## Materials provided

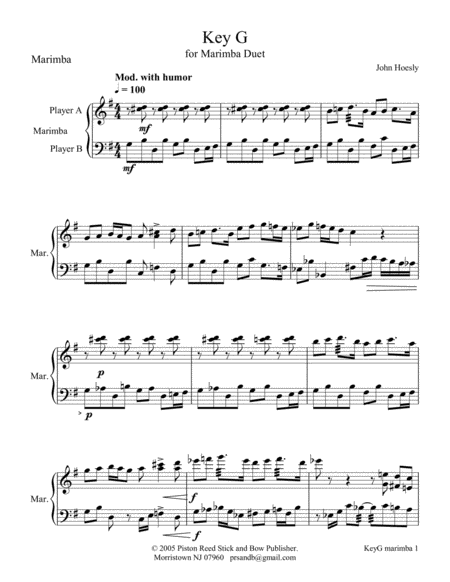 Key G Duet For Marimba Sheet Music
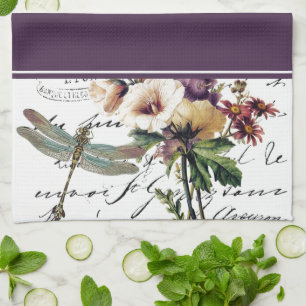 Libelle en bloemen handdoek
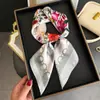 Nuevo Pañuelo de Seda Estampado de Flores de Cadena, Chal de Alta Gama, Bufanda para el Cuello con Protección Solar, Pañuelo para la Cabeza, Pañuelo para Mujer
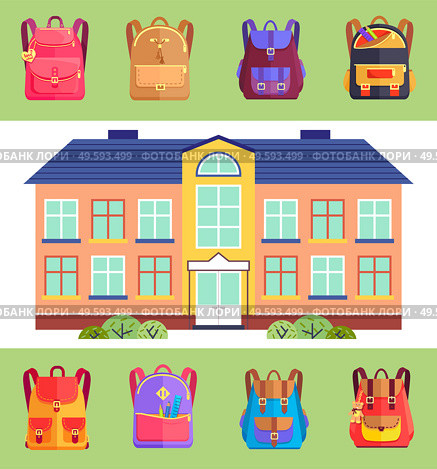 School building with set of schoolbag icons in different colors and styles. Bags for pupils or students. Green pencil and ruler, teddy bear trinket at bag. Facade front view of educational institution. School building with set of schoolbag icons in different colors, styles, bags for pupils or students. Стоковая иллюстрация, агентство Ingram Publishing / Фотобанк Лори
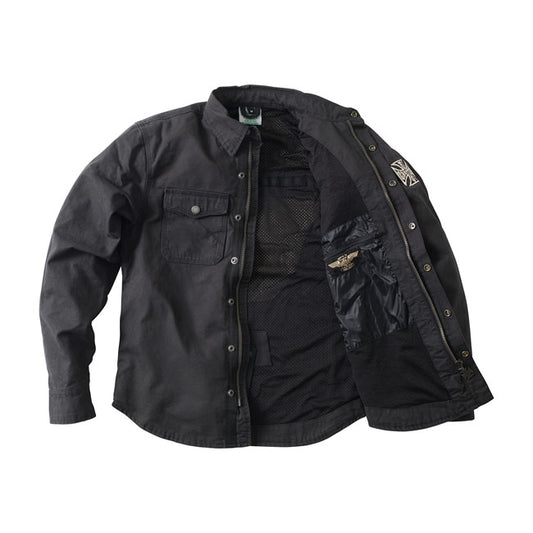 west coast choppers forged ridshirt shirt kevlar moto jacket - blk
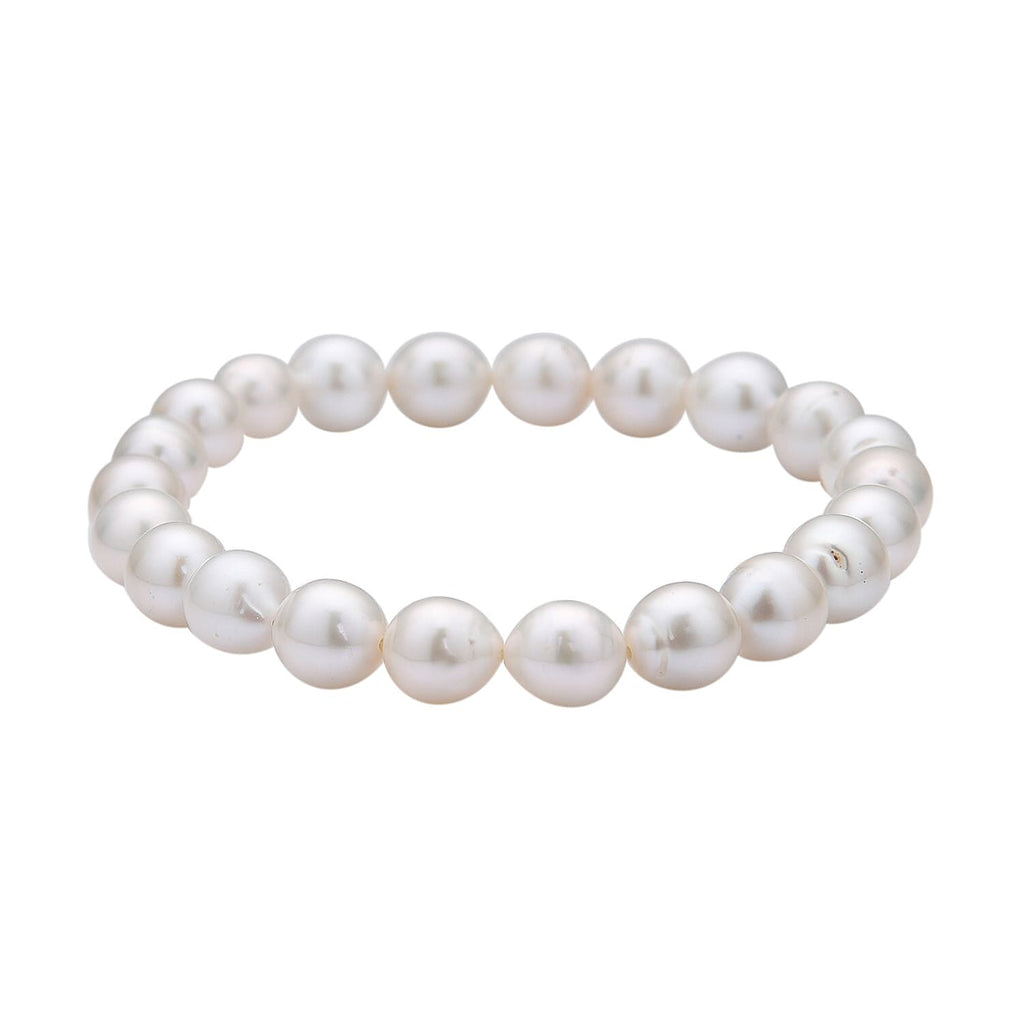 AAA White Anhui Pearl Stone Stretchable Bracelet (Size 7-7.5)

## Requirement
Set down the entire material verbatim, with each picture left out.

## Output for this task
 Key G Duet For Marimba Sheet Music
 Libelle en bloemen handdoek
 Nuevo Pañuelo de Seda Estampado de Flores de Cadena, Chal de Alta Gama, Bufanda para el Cuello con Protección Solar, Pañuelo para la Cabeza, Pañuelo para Mujer
 School building with set of schoolbag icons in different colors and styles. Bags for pupils or students. Green pencil and ruler, teddy bear trinket at bag. Facade front view of educational institution. School building with set of schoolbag icons in different colors, styles, bags for pupils or students. Стоковая иллюстрация, агентство Ingram Publishing / Фотобанк Лори
 west coast choppers forged ridshirt shirt kevlar moto jacket - blk
 AAA White Anhui Pearl Stone Stretchable Bracelet (Size 7-7.5)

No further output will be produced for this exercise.